Starting at the line below holding "Details of Polly Pocket Airbnb house" and stopping at the line holding "Foto 2 de Dúplex", print every line exactly, both ends included, and leave the rest out.

◆ DATA SHOWN ◆
┏━━

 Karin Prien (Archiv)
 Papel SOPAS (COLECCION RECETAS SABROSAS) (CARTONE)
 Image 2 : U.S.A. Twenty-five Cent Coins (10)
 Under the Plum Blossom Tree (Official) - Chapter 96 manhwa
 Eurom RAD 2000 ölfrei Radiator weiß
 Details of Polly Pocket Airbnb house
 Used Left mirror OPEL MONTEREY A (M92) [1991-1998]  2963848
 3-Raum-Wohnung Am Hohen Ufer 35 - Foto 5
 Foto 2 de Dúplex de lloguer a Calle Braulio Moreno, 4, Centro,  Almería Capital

┗━━
┏━━

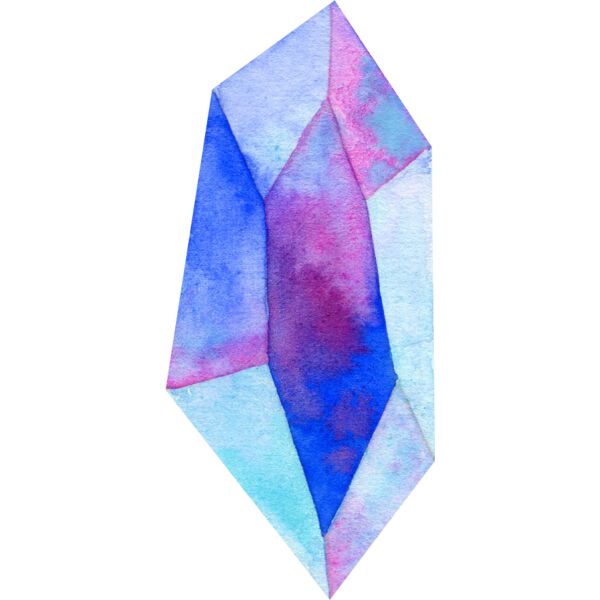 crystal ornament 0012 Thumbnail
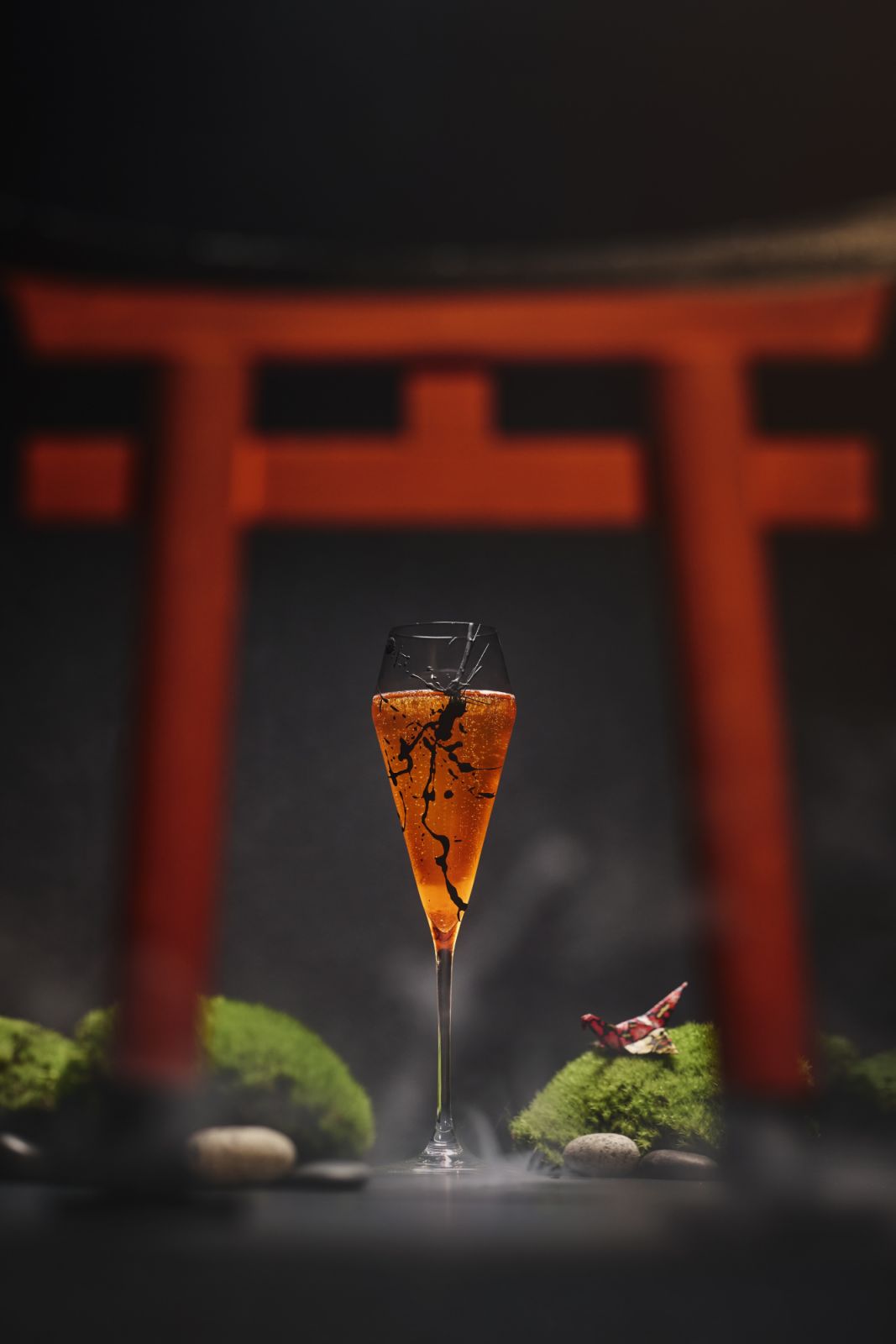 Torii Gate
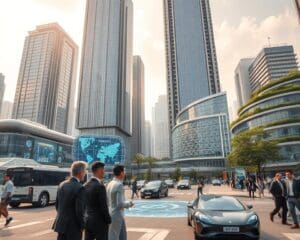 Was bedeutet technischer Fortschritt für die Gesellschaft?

┗━━

◆ WRITTEN RESPONSE ◆
 Details of Polly Pocket Airbnb house
 Used Left mirror OPEL MONTEREY A (M92) [1991-1998]  2963848
 3-Raum-Wohnung Am Hohen Ufer 35 - Foto 5
 Foto 2 de Dúplex de lloguer a Calle Braulio Moreno, 4, Centro,  Almería Capital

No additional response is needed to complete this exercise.